Can't Sleep; Insomnia Will Eat Me
When you're a kid, and you're afraid of the monster under the bed or the thing in the closet, you tell your parents. They soothe you, try to convince you that it's all in your imagination, and then hope that you believe them. But how do you tell your parents you're afraid of not being able to sleep?
Such is the tragedy of childhood insomnia. I'm sure I did at some point, but it felt like I didn't get a full night's sleep until I reached puberty. Yes, I was afraid of the wind howling and that Disney Halloween record that I forced my mother to remove from my room at night, or even the possibility that some sort of creature would peek in at me from my second story bedroom window, but the fear of not sleeping was real and it was a real problem for me.
The Sounds Of Silence
For years, my bedtime was 9:00 p.m. Although I was in my upstairs bedroom, I could hear the faint sounds of my mom and stepfather watching the news and preparing for bed. Knowing they were awake made me feel safe enough to sleep, but it took forever for me to fall asleep. If I had not fallen asleep by the time they went to bed, then I knew I was in for a long night.
The silence was the worst. You'd think that a lack of noise would be conducive to a restful night of slumber, but it wasn't. It was too quiet: each small noise would be magnified, all of them distractions that would prevent me from relaxing enough to nod off. I would will myself to try and sleep when the central air conditioning fan came on and could mask any potential sounds, then when I didn't, I'd feel the inevitable panic until it came back on again. This cycle would continue for hours until I would eventually doze off, my eyes would open, it would be morning, and I'd feel exhausted.

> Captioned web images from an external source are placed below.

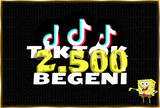 ⚜️[KEŞFET ETKİLİ] TikTok 2500 Beğeni⚜️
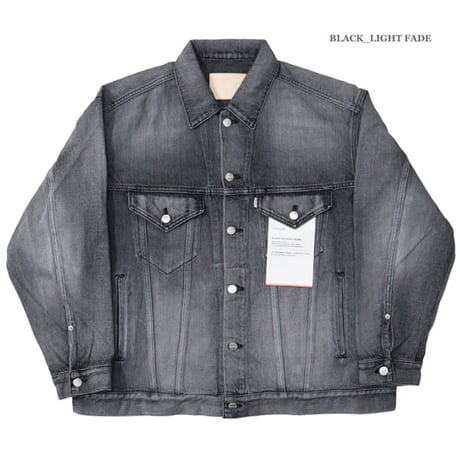 Graphpaper（グラフペーパー）"Selvage Denim Trucker Jacket - LIGHT FADE"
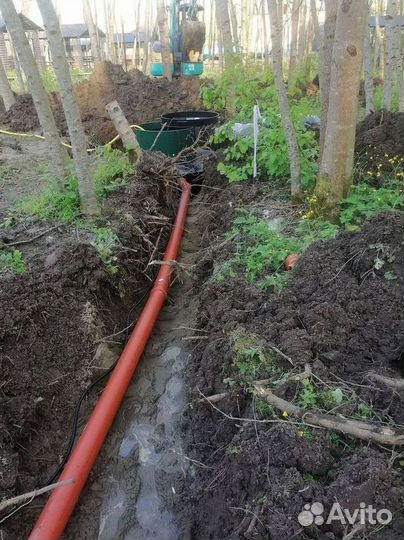 Септик под ключ с гарантией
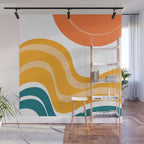 Sun Dunes 03 Wall Mural Gallery Image 1
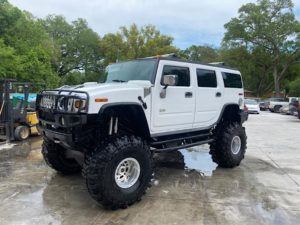 2003 HUMMER H2 4D SUV MONSTER TRUCK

Clocks were the bane of my existence. At his house in a different city, my dad had a ticking clock on his mantel and the sound of it drove me crazy. I would imagine patterns of sound, noises that weren't there. Those were way worse than the silence. At one point he bought me a Kit Kat clock with glow in the dark eyes that would look from side to side. That terrified me so badly I made him take it away.
No Sleep For Young Women
In case you had not yet figured it out, I was a pretty neurotic child. I was worried about so many things already, I couldn't bring myself to tell my parents that I also feared being awake all night. No one else seemed to have problems sleeping; in fact, if I ever had to wake up a parent during the night, it seemed like it took them forever to register that I was standing there. How did they do that? How did they make it seem so easy? What was wrong with me?
Things got worse when both grandfathers and my stepfather died within months of each other. Those nighttime fears followed me into the daylight hours; I had panic attacks that were debilitating. Moving to a one-story house soon afterwards helped; not feeling isolated from everyone else helped me relax at bedtime, as did the small TV in my room. I would turn it on and the warm glow and soft sounds seemed like a protector, something that would keep watch over me so I could fall asleep without worry.
As every insomniac knows, just because you can't see the insomnia, doesn't mean it's not still there, biding its time. Living by myself in my twenties, dealing with a job I hated in my thirties - these were both times when it came back to haunt me and with a tenacious vengeance that made my life a waking nightmare.
Perhaps the best cinematic portrayal of what my history of insomnia has been like is Jennifer Kent's 2014 film, The Babadook. A young child traumatized by a parent's death and a single mother struggling with her own demons while having to fight the ones of her child. It all felt so tragically familiar. The movie didn't specifically scare me, but it gut punched me right in the feels. Perhaps the manifestation of the Babadook wasn't a mother's guilt or a child's fantasy, but the specter of insomnia itself, lurking in the shadows, and waiting for its chance to strike.